(The problem)
Images excepted, the data below must be repeated exactly.

(Information supplied)
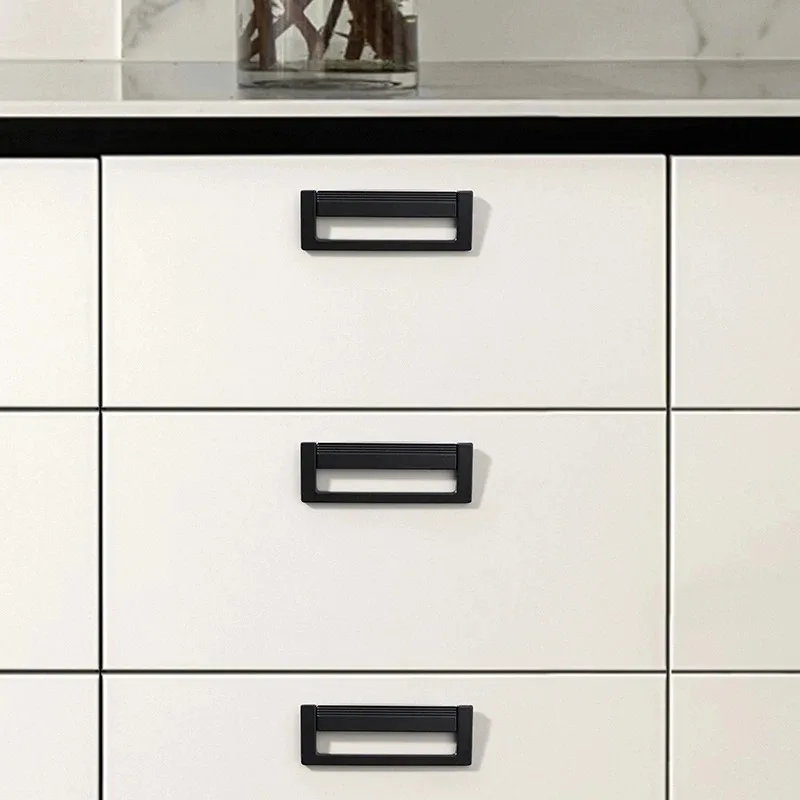 Simple flat concealed buckle drawer cabinet handle invisible flat-mounted gusset furniture hardware aluminum alloy handle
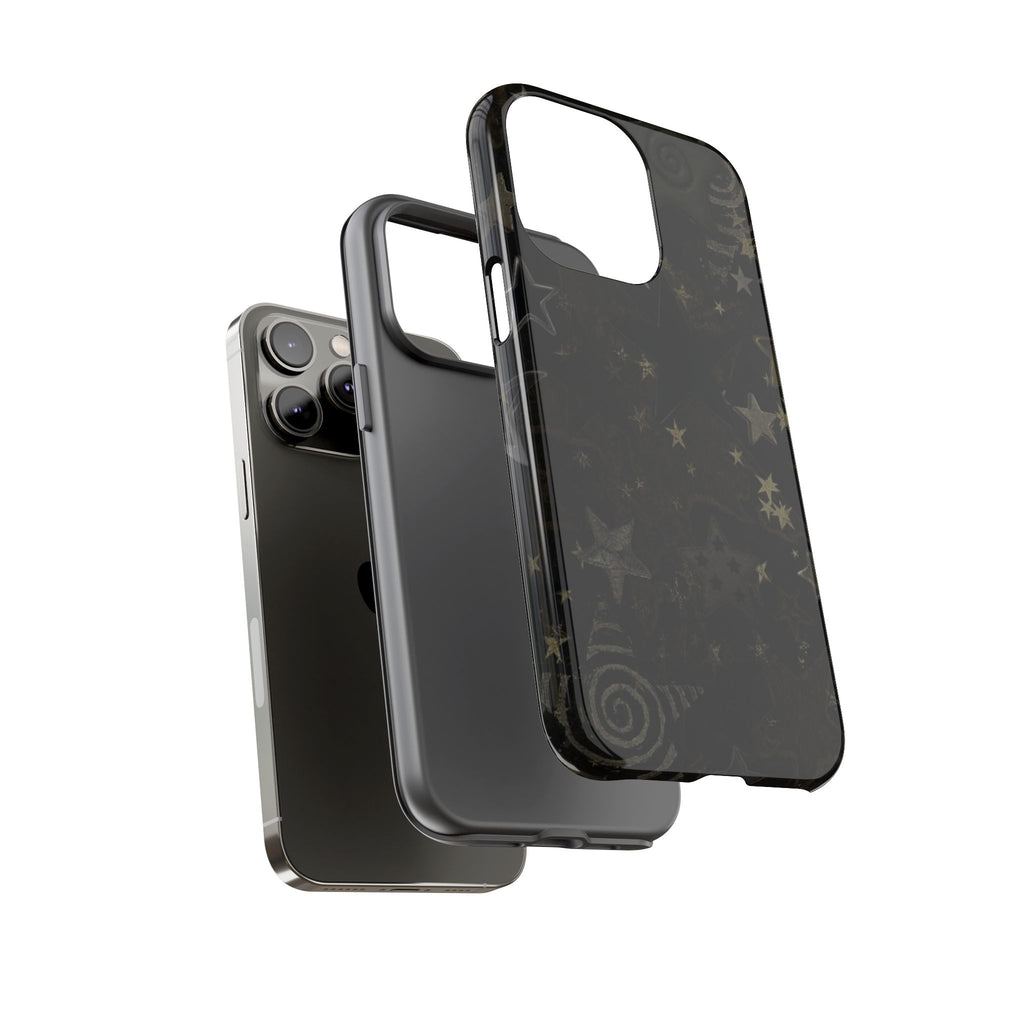 Black Starry iPhone Case – Protective Tough Case with Subtle Galaxy Pattern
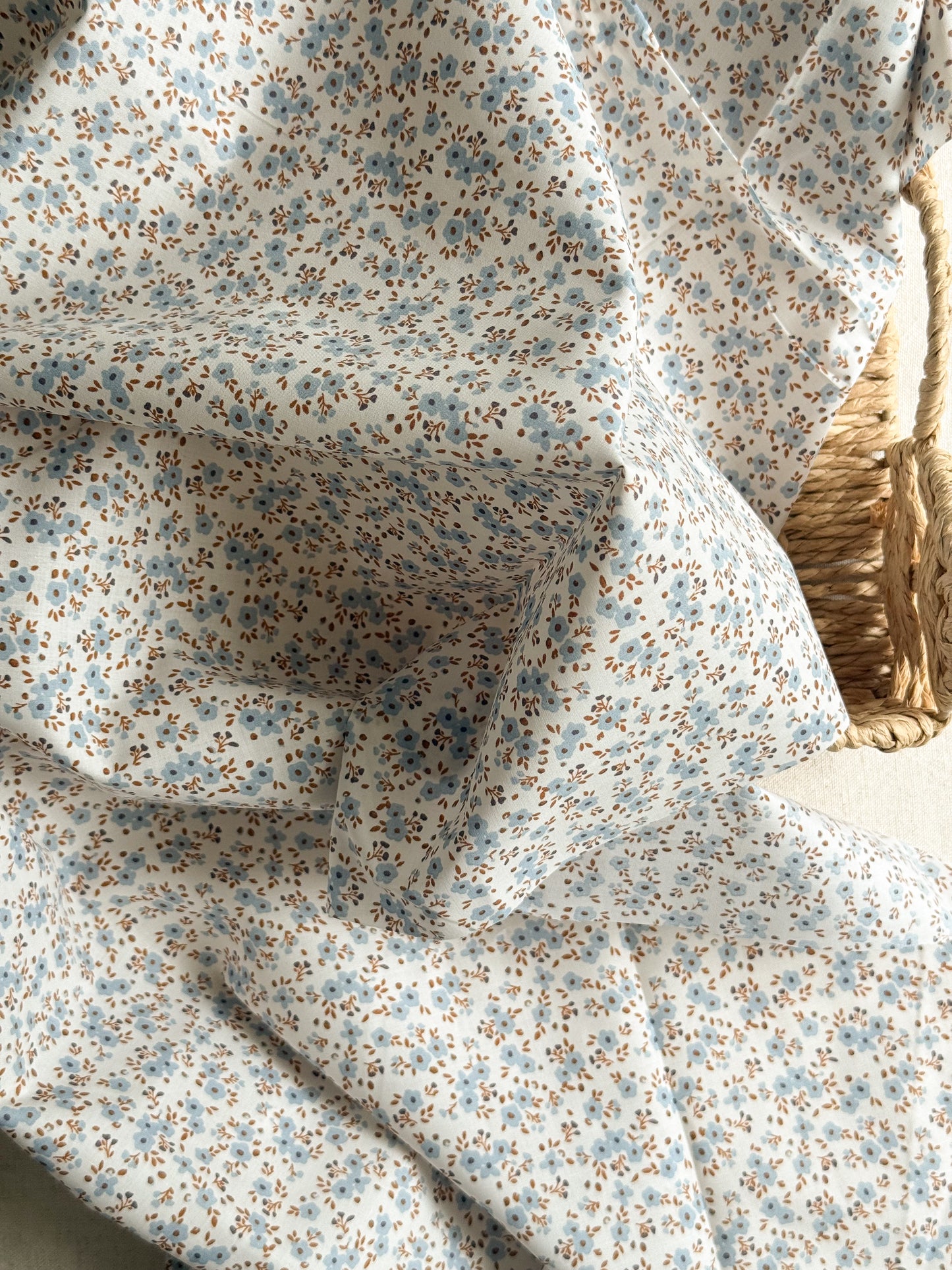 Cotton Poplin Fabric  - Blue Ditsy Floral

(Output)
 Simple flat concealed buckle drawer cabinet handle invisible flat-mounted gusset furniture hardware aluminum alloy handle
 Black Starry iPhone Case – Protective Tough Case with Subtle Galaxy Pattern
 Cotton Poplin Fabric  - Blue Ditsy Floral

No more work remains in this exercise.